– Ну, вот… мне лично такие актеры больше нравятся, для которых нет границ в творчестве, все равно кого, но они сыграют правдиво и достоверно. Такие как Юрский, Смоктуновский, Евстигнеев, Петренко, из женщин та же Алиса Френдлих, Гундарева. А что касается Высоцкого, я как думала о нем, так и думаю – артист отличный, а поэт так себе, уж больно нарочито люмпенского у него много, в расчете на интерес непритязательного слушателя, отсюда и успех в первую очередь у молодежи. Помнишь, я тебе говорила, как Сережку своего за отсутствие художественного вкуса ругала, когда он часами мог его магнитофонные записи слушать…
Они увлеклись разговорам об артистах и не заметили, как фильм кончился, и уже шла передача на казахском языке. Ольга Ивановна переключила телевизор на Москву, там шел «Сельский час»… Анна Николаевна словно очнулась, и до того раскрепощенно-расслабленная, вновь вернулась в «оболочку» председателя Поссовета и заговорила озабоченно:
– Завтра в Алма-Ате начинается Сессия. Помнишь, я тебе говорила, что нас предупредили о возможных эксцессах?
– А может все обойдется и по-тихому пройдет, как обычно и никого не тронут? – попыталась успокоить подругу Ольга Ивановна.
– Если бы так, я бы и не нервничала. Но у меня точные данные, Кунаева снимут, – допила, наконец, чай Анна Николаевна.
– Еще будешь?
– Нет спасибо.
– Даже если и снимут… Да, не переживай ты так. Перемелется как-нибудь, – успокаивала Ольга Ивановна.
– Боюсь, если и перемелется, то такая мука получиться, такие пироги с нее, что они всем нам поперек горла встанут. Я вчера со Светой своей по телефону разговаривала. Христом Богом умоляла ее все эти дни в общежитии сидеть и носа не высовывать. Она не понимает ничего, а я ведь не могу ей всего по телефону-то сказать, не дай Бог, подслушают да настучат, обвинят в разглашении государственной тайны, и нагнетании паники. Ох, прямо не знаю, сама не своя хожу… Вот, к тебе зашла думаю отвлекусь. Вроде об артистах заговорили, я и забылась, а тут опять, хоть что делай, а все об том же думаю…

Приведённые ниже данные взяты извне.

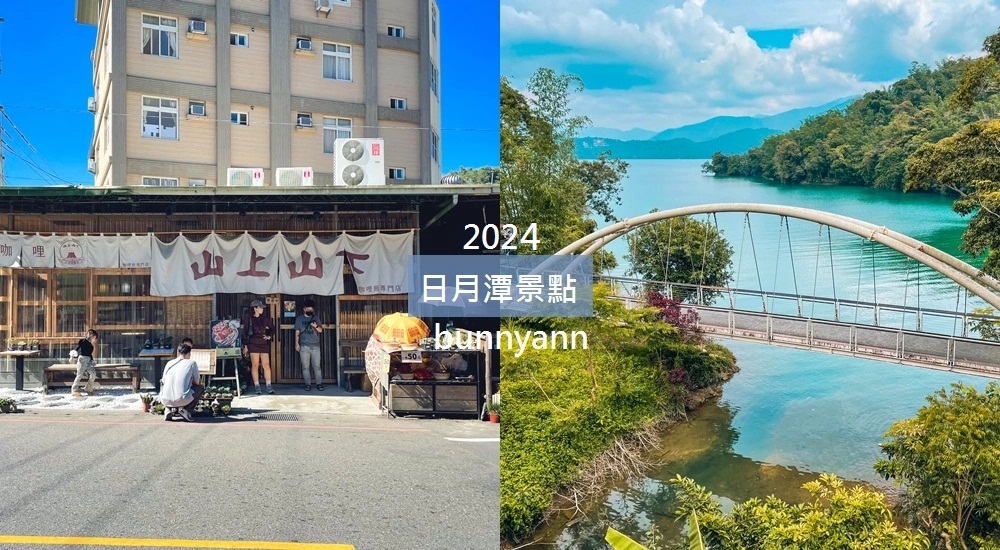 2024【日月潭景點】推薦南投日月潭一日遊玩路線攻略!!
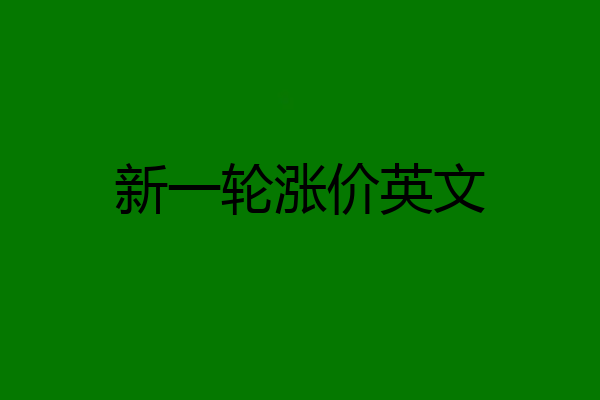 新一轮涨价英文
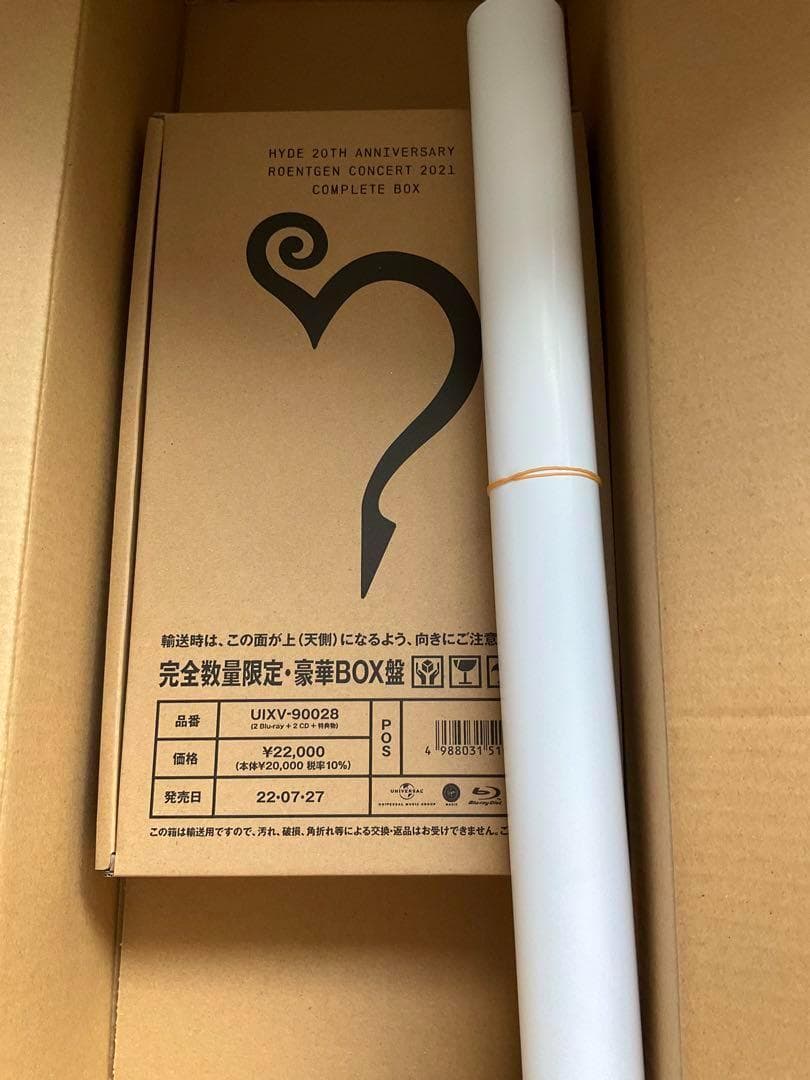 ポスター付 HYDE ROENTGEN Concert 2021 Box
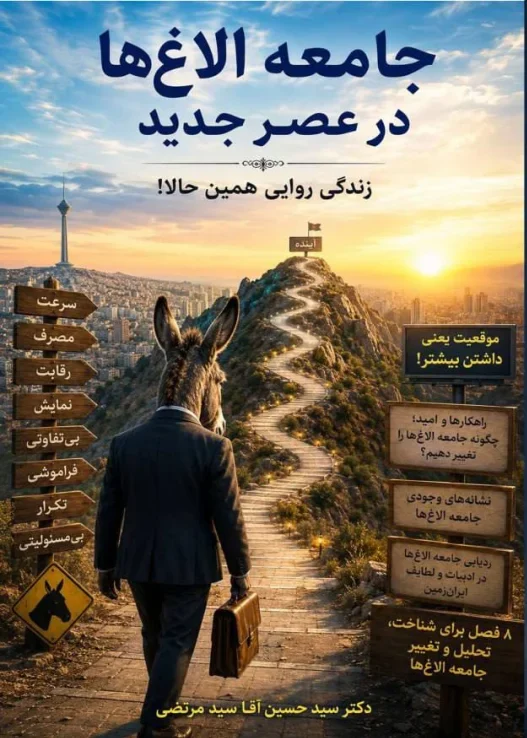 جامعه الاغها در عصر جدید | خلاصه کتاب و دانلود PDF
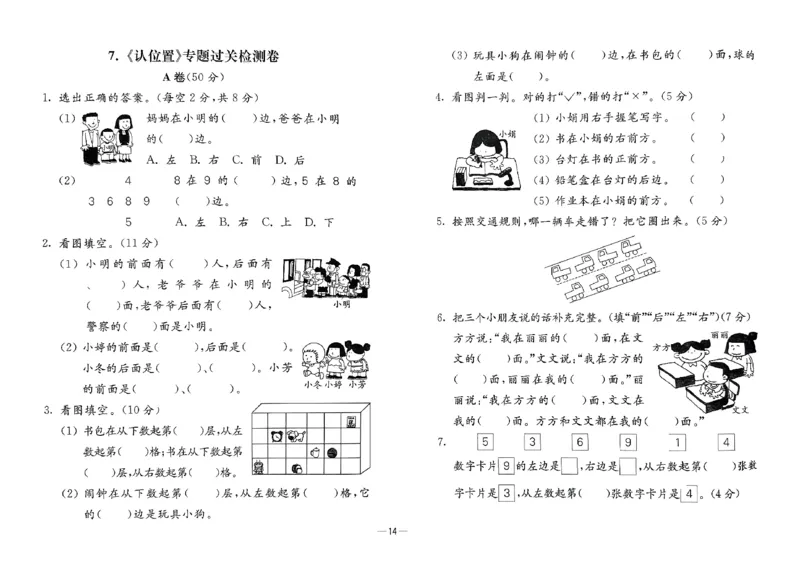 26版《小学奥数专题突破AB卷》1年级_25版《小学奥数专题突破AB卷》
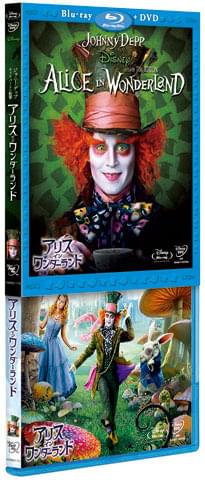 「アリス・イン・ワンダーランド」早くもDVDリリース決定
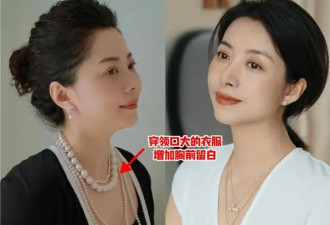 中年女人穿裙子时 别披丝巾、背双肩包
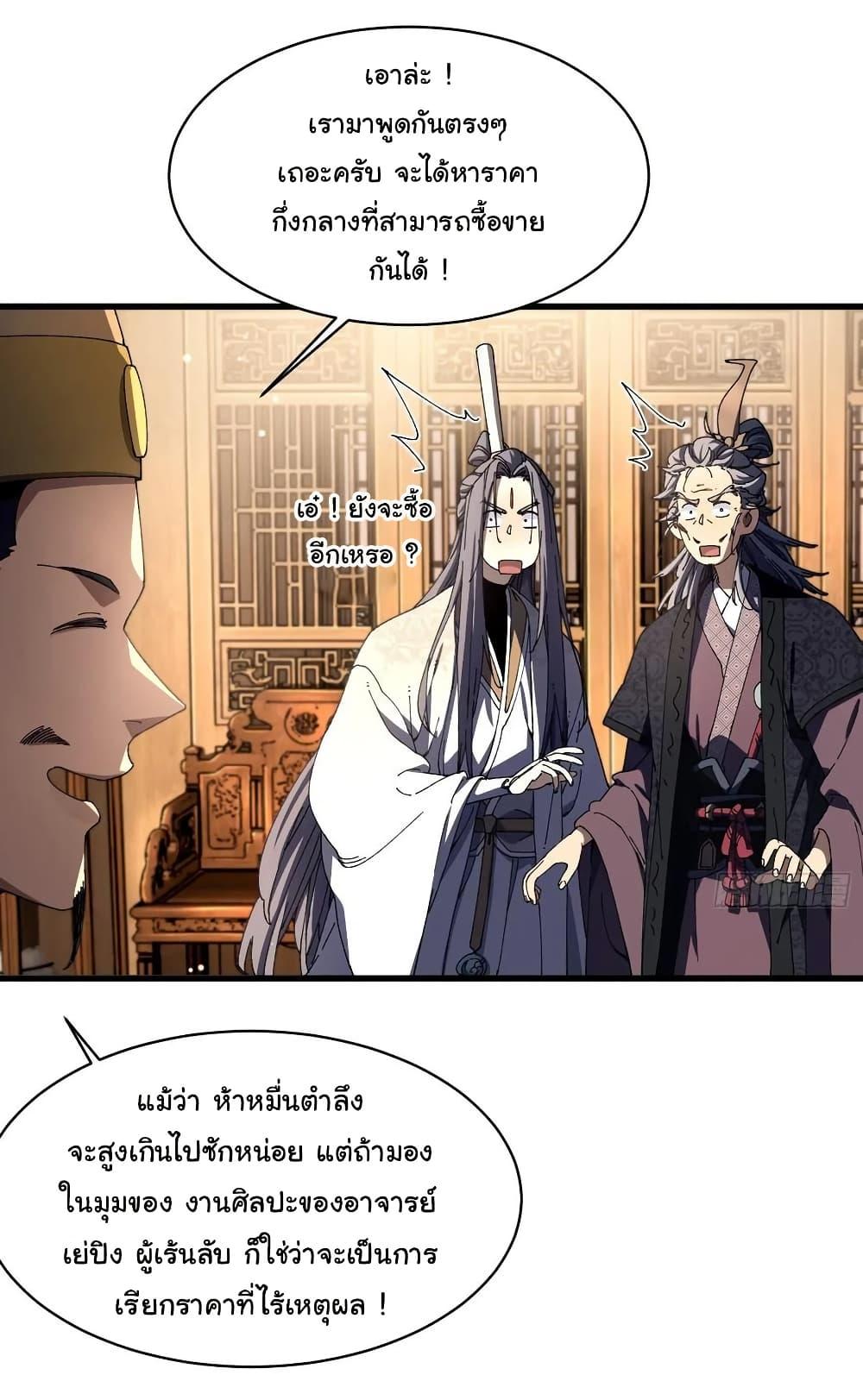 Manga-lc-com อ่านมังงะ อ่านการ์ตูน ออนไลน์ ฟรี Don’t Tell Me You Think Cultivating Immortality Is Difficult ตอนที่ 1 2 3 4 5 6 7 8 9 10 11 12 13 14 ฟรี ไม่มีโฆษณา Manga-lc - อ่าน มังงะ อ่าน การ์ตูน ออนไลน์ อ่านมังงะ ฟรี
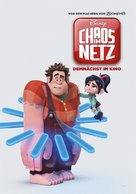 Ralph Breaks the Internet - German Movie Poster (xs thumbnail)
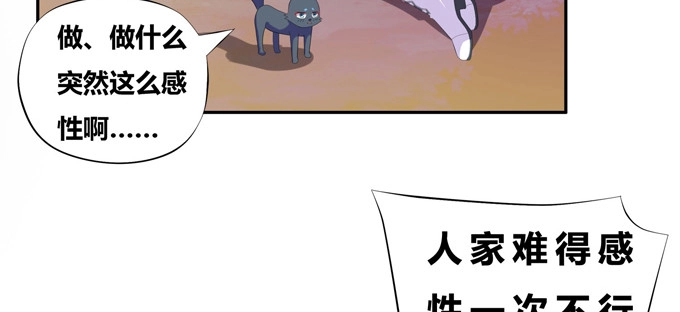 《炉鼎要反抗》小美人，交个朋友吧 第20页
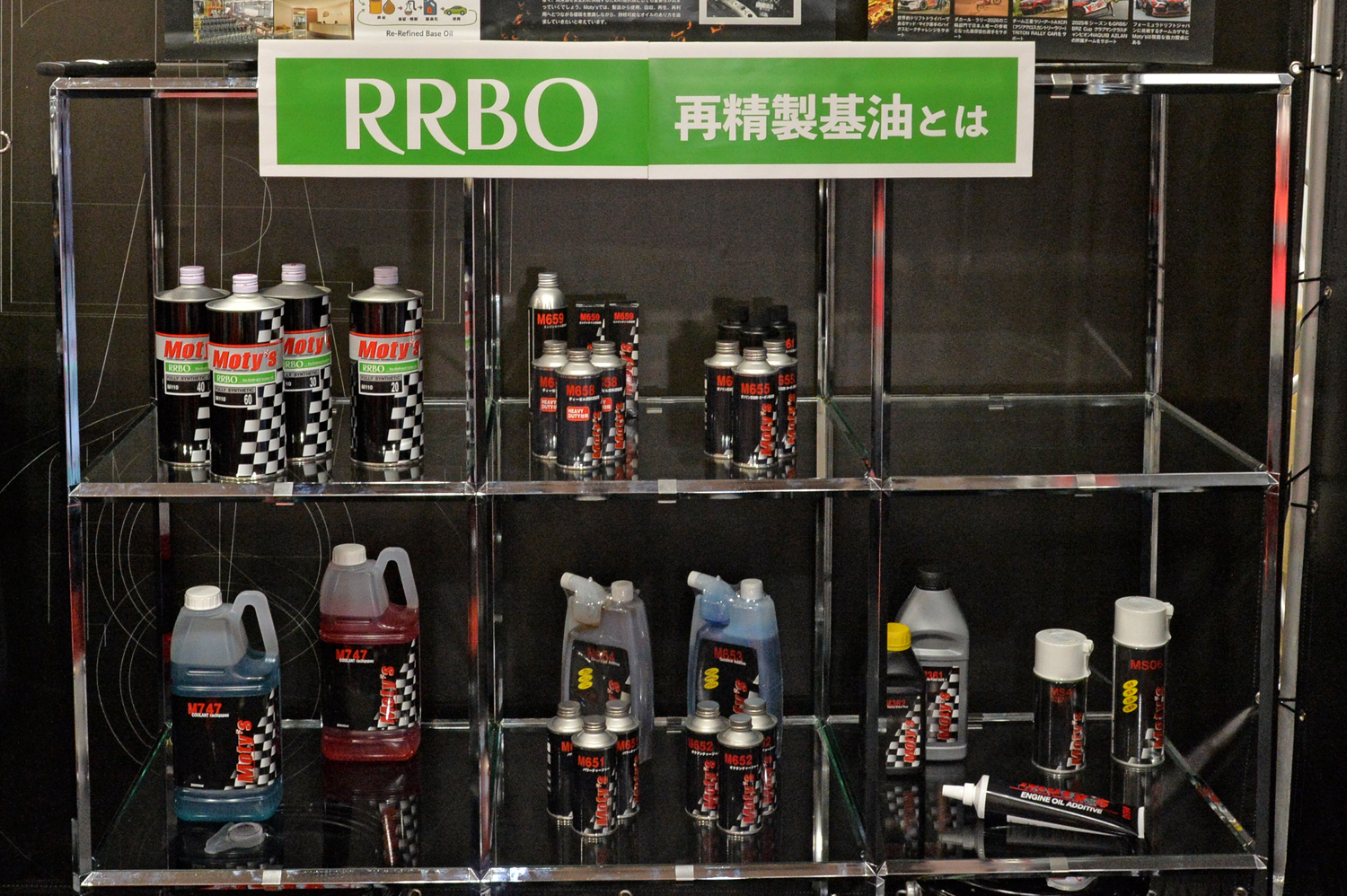 大阪オートメッセ2026にMoty'sが出展 〜 画像10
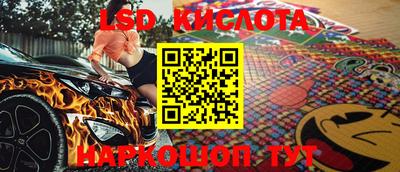 кокаин Краснодар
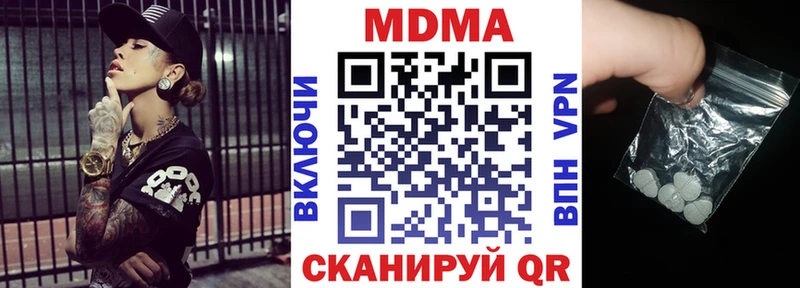 МДМА Molly  где продают   Вязьма 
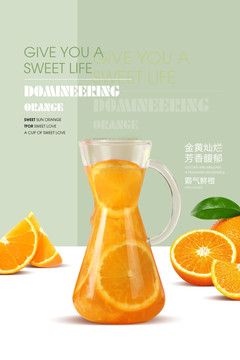 鲜橙水果茶饮品海报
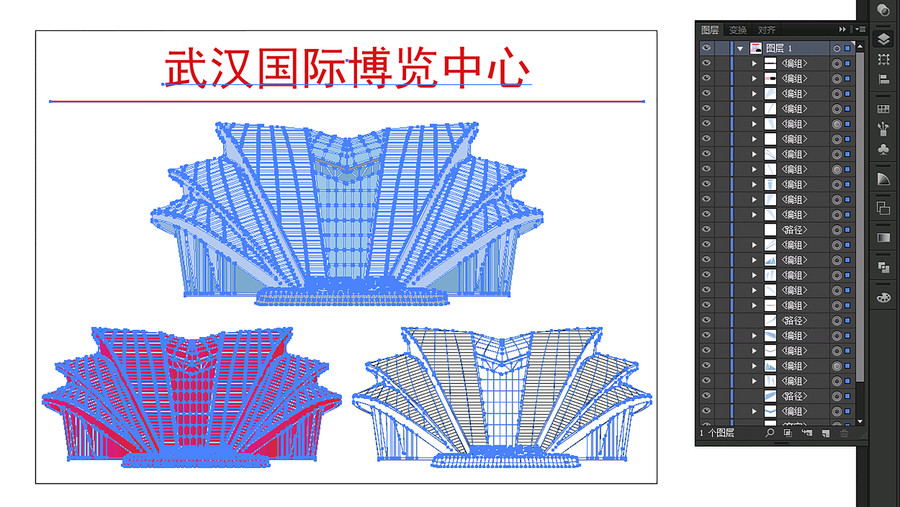 武漢國(guó)際博覽中心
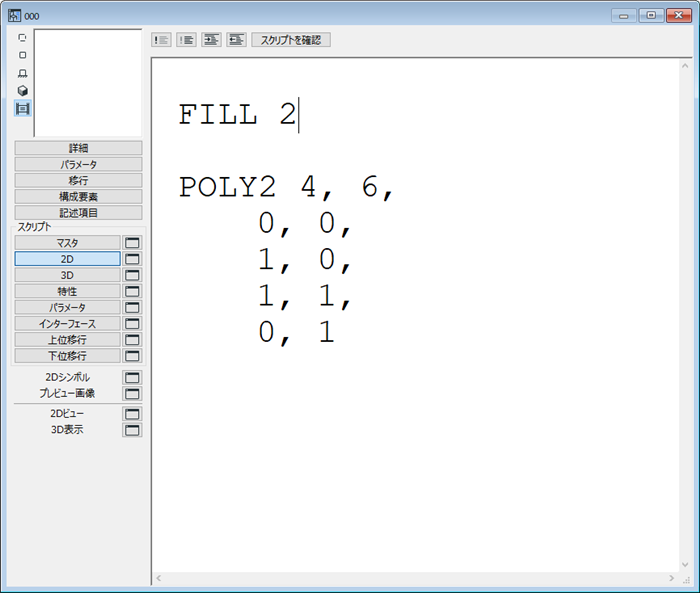 gdl-setfill-001.png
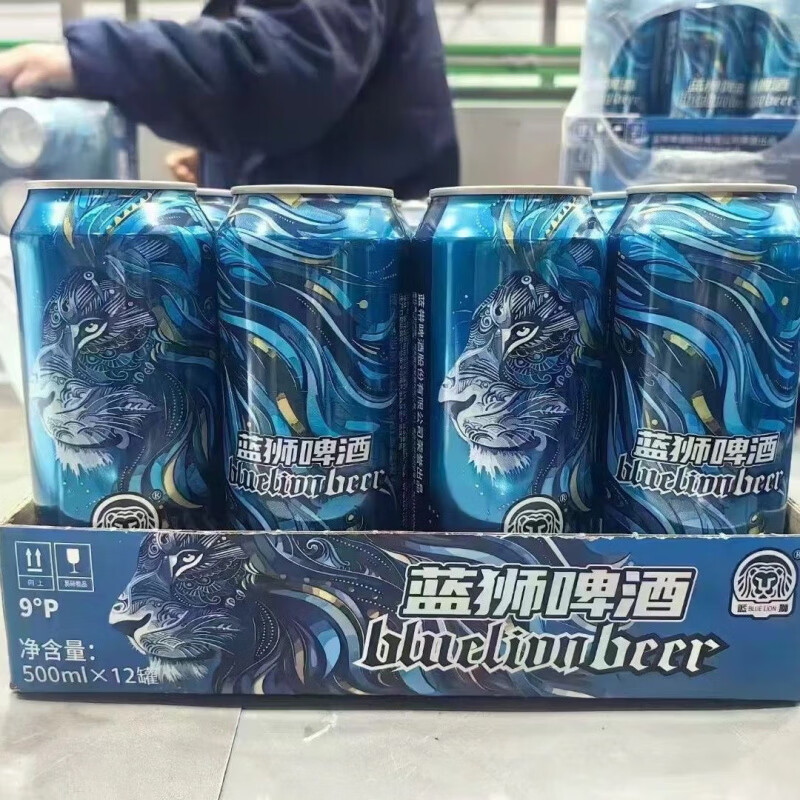 蓝带蓝狮易拉罐啤酒500ml*12/24罐麦芽汁9酒精3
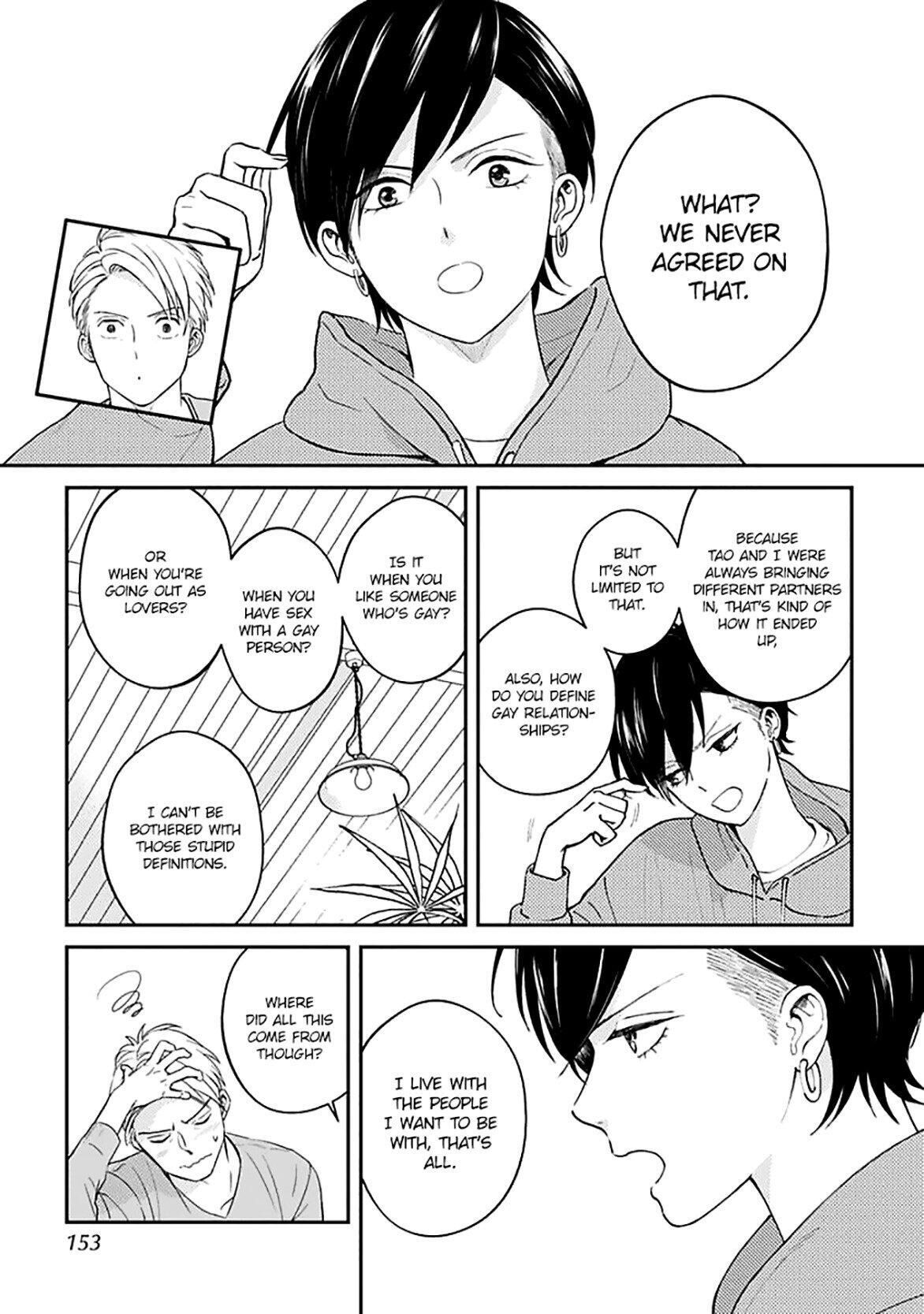 Super Darling Is Dead Chapter 5 #14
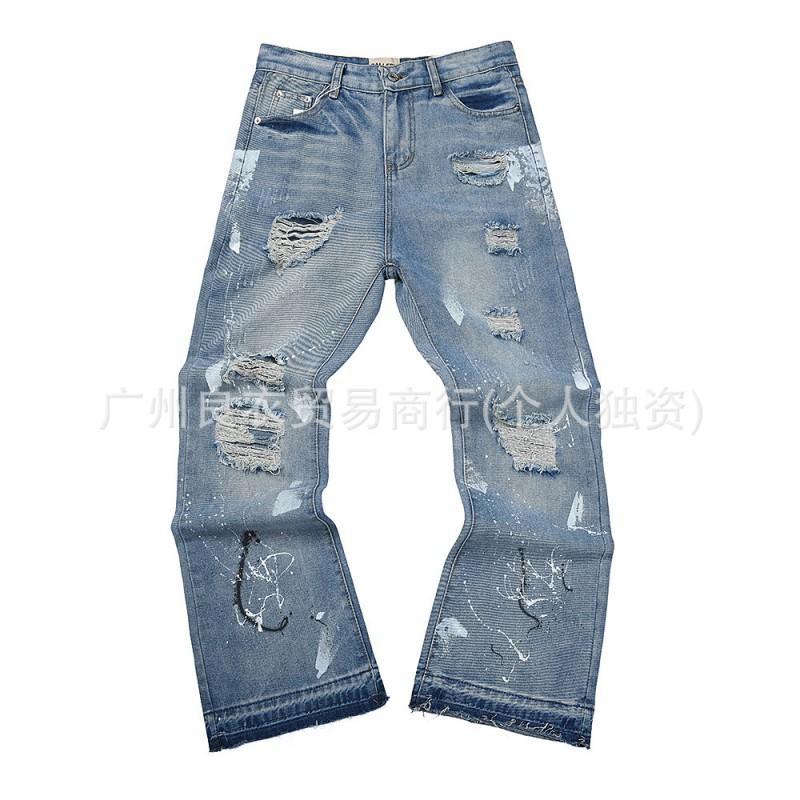 Unisex Distressed Patchwork Wide-Leg Denim Pants With Graffiti Print Loose Fit Casual Jeans Teens Adults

После ухода Караваевой Ольга Ивановна попыталась смотреть телевизор. Но мысли о предстоящем пленуме буквально лезли в голову, «отравляя» настроение, мешая воспринимать происходящее на телеэкране. Ольга Ивановна выключила телевизор – он совсем не способствовал борьбе с этими «мозгомучениями». Она попыталась сесть за мемуары, но и это не получилось. Пленум, Кунаев, казахи, безмозглое Политбюро… она совсем не хотела об этом думать, но ничего не могла с собой поделать. Наконец, усилием воли она заставила себя найти те думы, которые доставили-таки удовлетворение, так сказать, уму и сердцу.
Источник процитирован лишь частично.